◆ Exercise details: Every line from the one holding "flank dullness" through the last line of the records must be retyped exactly, and no other line or picture may appear in the copy.

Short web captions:
== Segment start ==

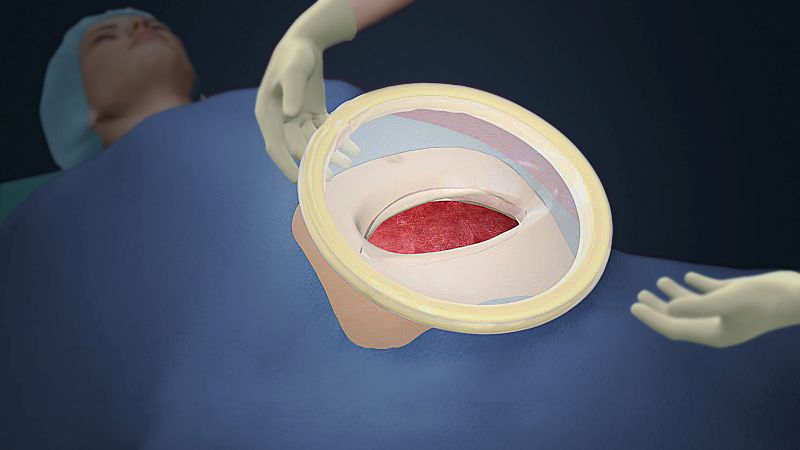 medical-animation-showing-cesarean-section-surgery - Scientific Animations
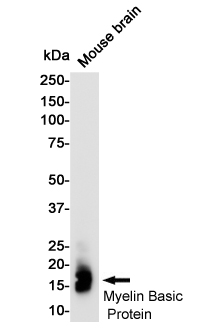 Rabbit Monoclonal Antibody to Myelin Basic Protein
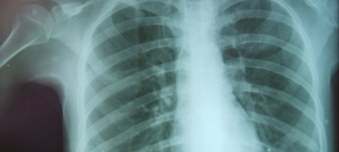 Investieren in Deutschland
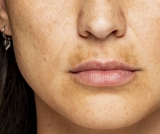Lighten Up Your Upper Lip – Treatment Options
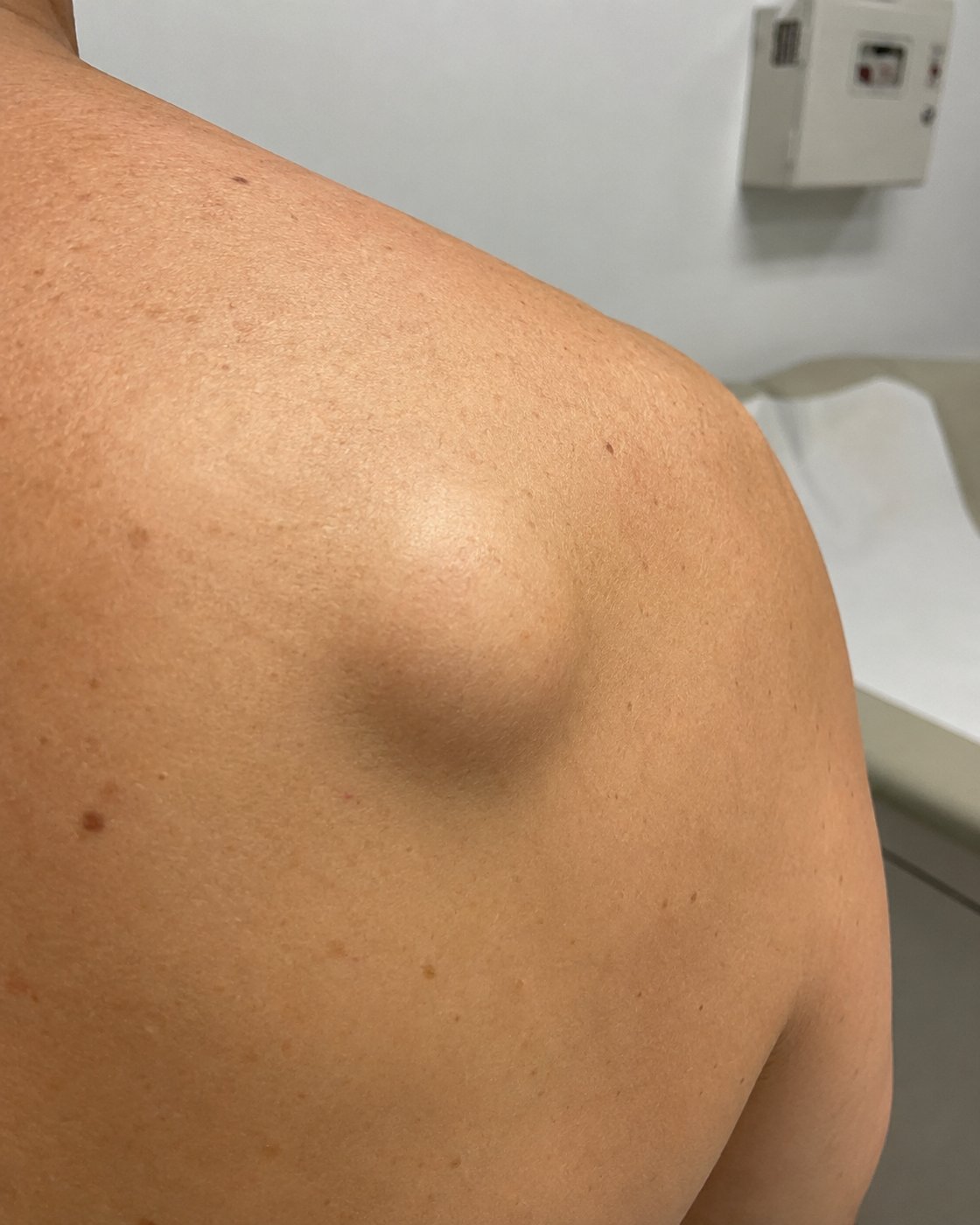 Illustration showing a lipoma on the upper back before removal, depicting a visible round soft-tissue bump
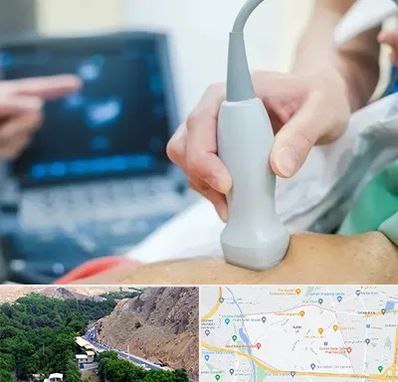 اکو قلب شبانه روزی در کن 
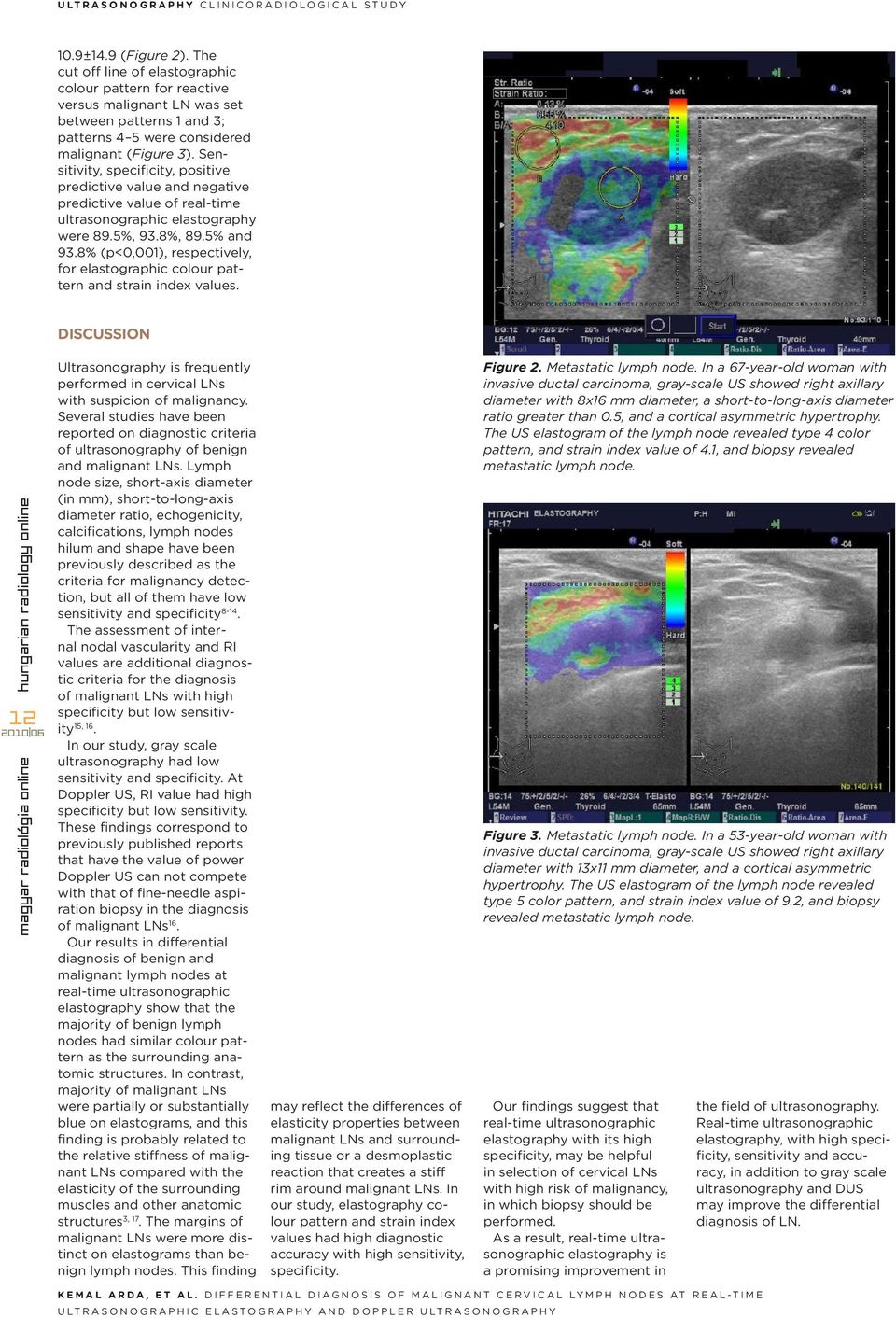 Sensitivity, specificity, positive predictive value and negative predictive value of real-time ultrasonographic elastography were 89.5%, 93.8%, 89.5% and 93.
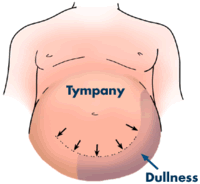 flank dullness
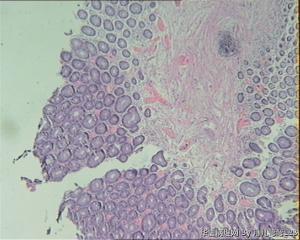 乙状结肠息肉图3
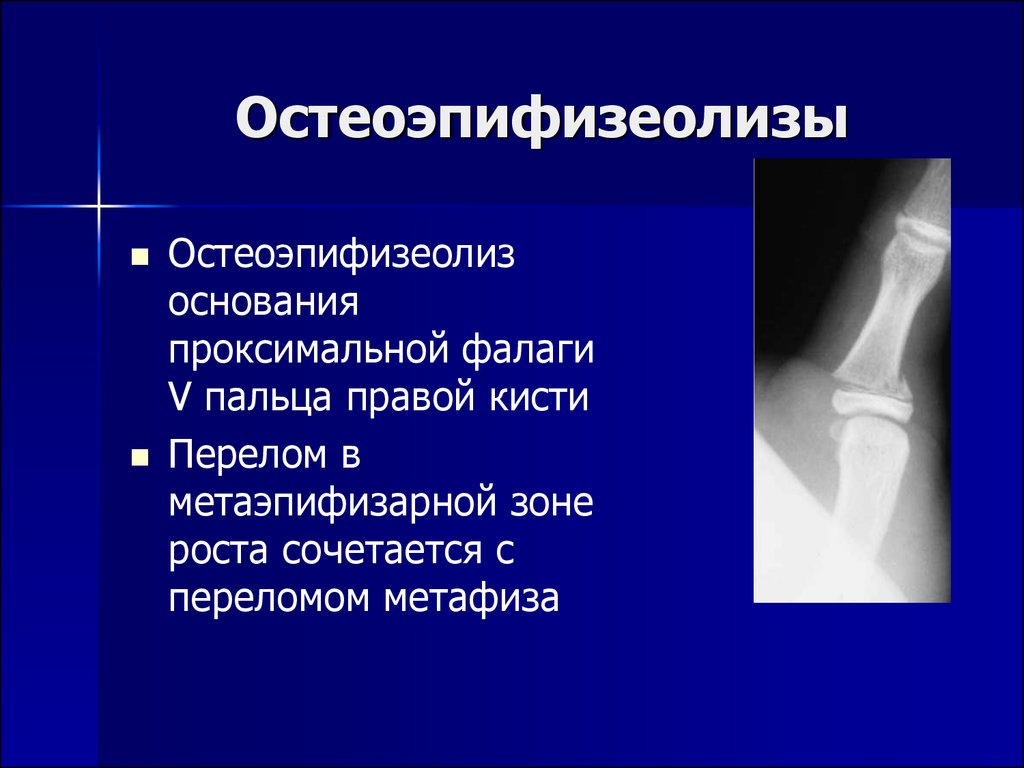 Проксимальной слабости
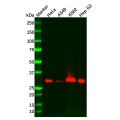 Recombinant PIM1 Antibody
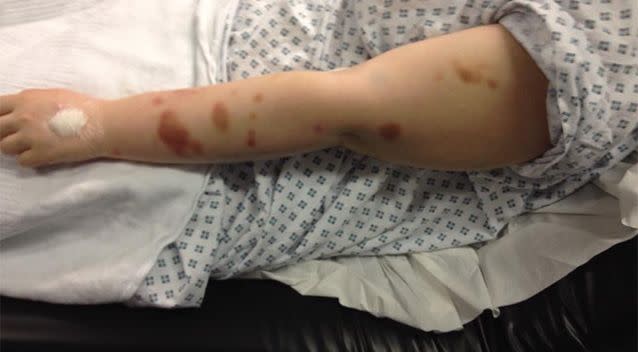 Her mother is calling for justice after she was left battered. Source: Facebook/ Claire Nossiter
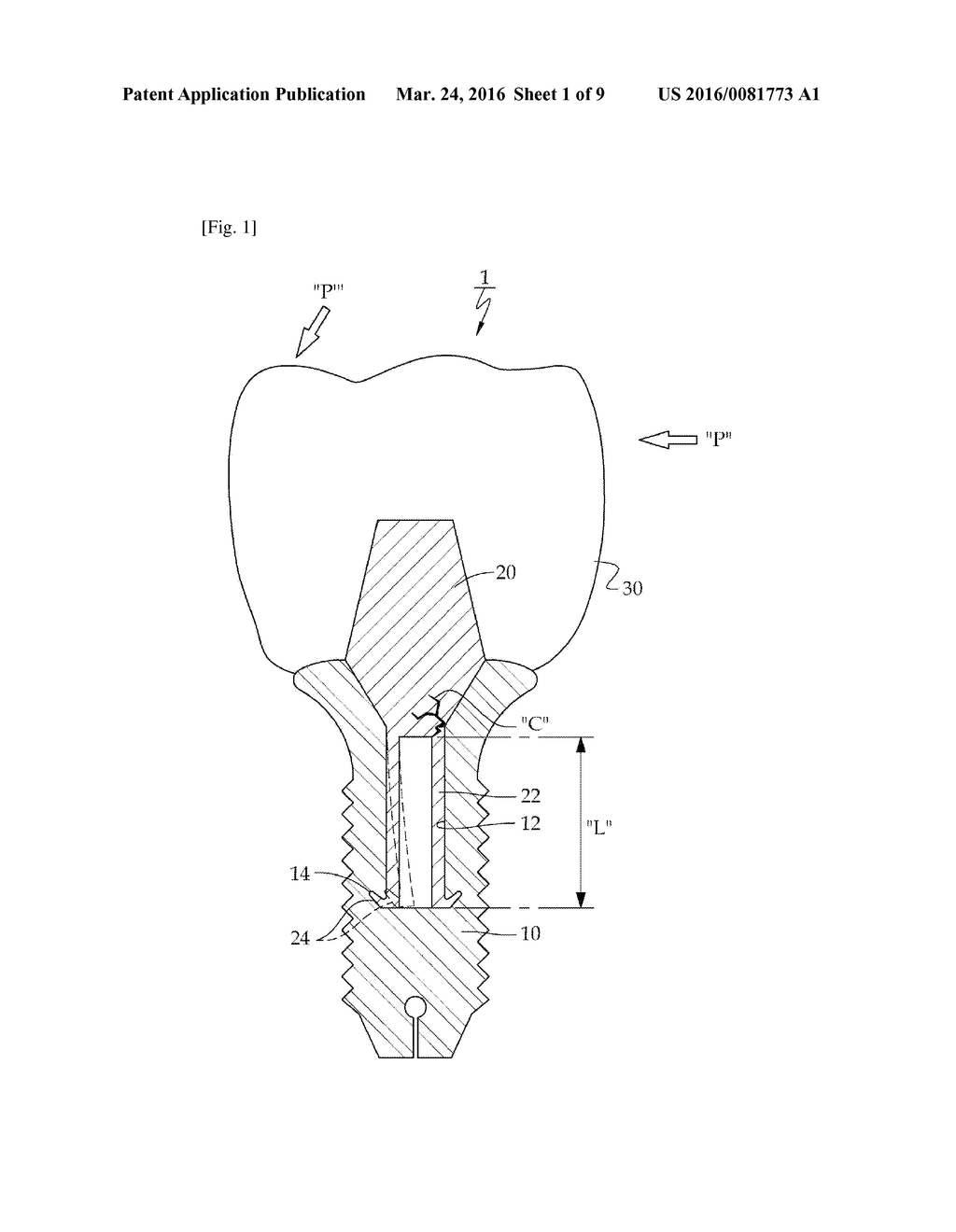 DENTAL IMPLANT - diagram, schematic, and image 02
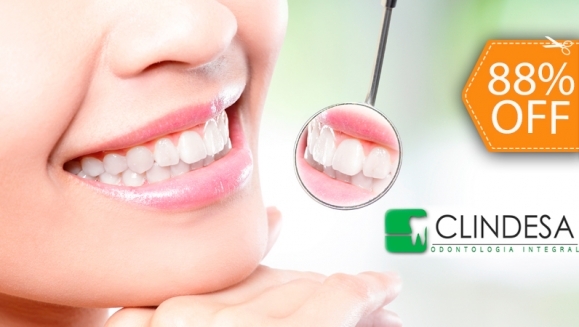 [Imagen:¡Paga $25 en lugar de $200 por 3 Rellenos de Resina Blanca o 5 Sellantes + Diagnóstico en Cámara Intraoral + 2 Limpieza con Ultrasonido + 2 Aplicaciones de Flúor en Clínicas Clindesa!]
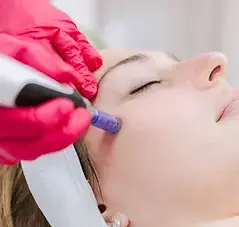 Boost Collagen and Radiance with Microneeding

== Segment end ==

◆ Problem solution:
 flank dullness
 乙状结肠息肉图3
 Проксимальной слабости
 Recombinant PIM1 Antibody
 Her mother is calling for justice after she was left battered. Source: Facebook/ Claire Nossiter
 DENTAL IMPLANT - diagram, schematic, and image 02
 [Imagen:¡Paga $25 en lugar de $200 por 3 Rellenos de Resina Blanca o 5 Sellantes + Diagnóstico en Cámara Intraoral + 2 Limpieza con Ultrasonido + 2 Aplicaciones de Flúor en Clínicas Clindesa!]
 Boost Collagen and Radiance with Microneeding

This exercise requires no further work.